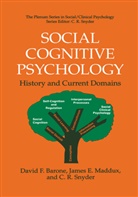 Barone, David Barone, David F Barone, David F. Barone, James Maddux, James E Maddux... - Social Cognitive Psychology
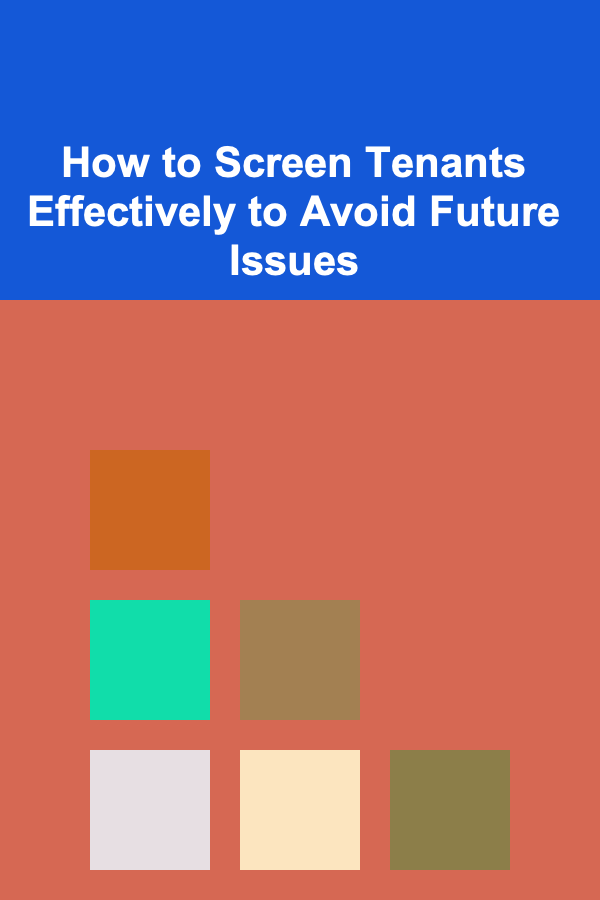 How to Screen Tenants Effectively to Avoid Future Issues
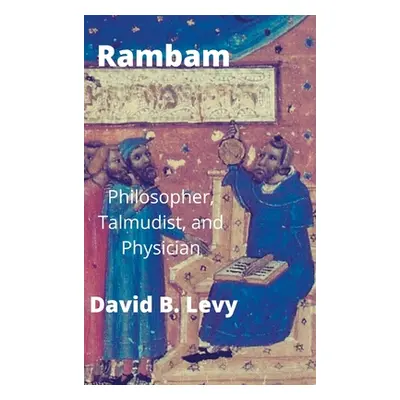 "Rambam: Philosopher, Talmudist, and Physician" - "" ("Levy David B.")(Pevná vazba)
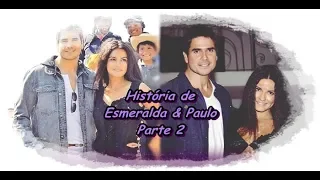 A Gata - História de Esmeralda & Paulo parte 2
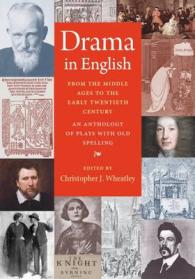 Drama in English from the Middle Ages to the Early Twentieth Century : An Anthology of Plays with Old Spelling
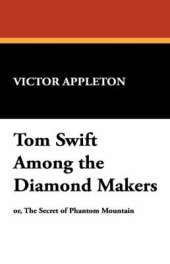 Tom Swift Among the Diamond Makers
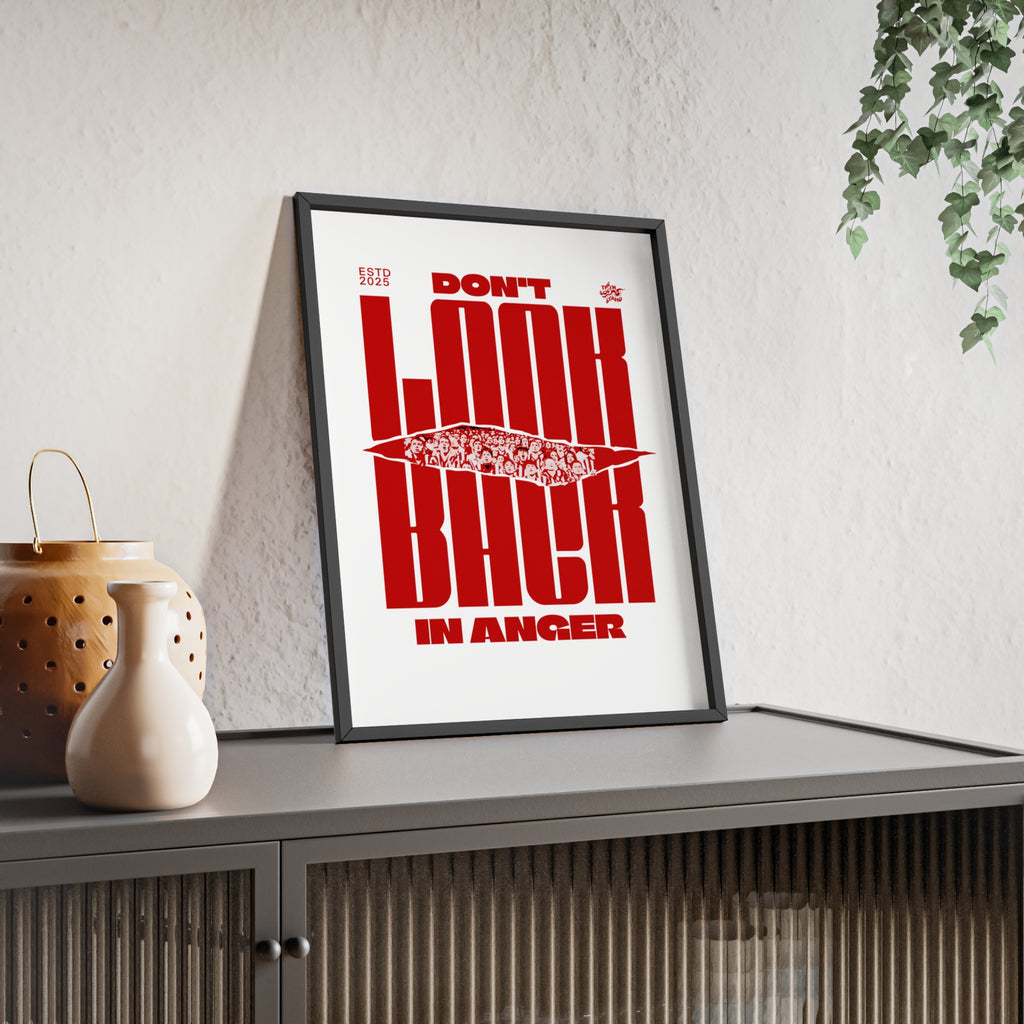 DON'T LOOK BACK IN ANGER- Sunderland AFC Fan Poster with frame.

----------------

Pictures aside, reproduce all of the data exactly.

Result for this task:
 Barone, David Barone, David F Barone, David F. Barone, James Maddux, James E Maddux... - Social Cognitive Psychology
 How to Screen Tenants Effectively to Avoid Future Issues
 "Rambam: Philosopher, Talmudist, and Physician" - "" ("Levy David B.")(Pevná vazba)
 A Gata - História de Esmeralda & Paulo parte 2
 Drama in English from the Middle Ages to the Early Twentieth Century : An Anthology of Plays with Old Spelling
 Tom Swift Among the Diamond Makers
 DON'T LOOK BACK IN ANGER- Sunderland AFC Fan Poster with frame.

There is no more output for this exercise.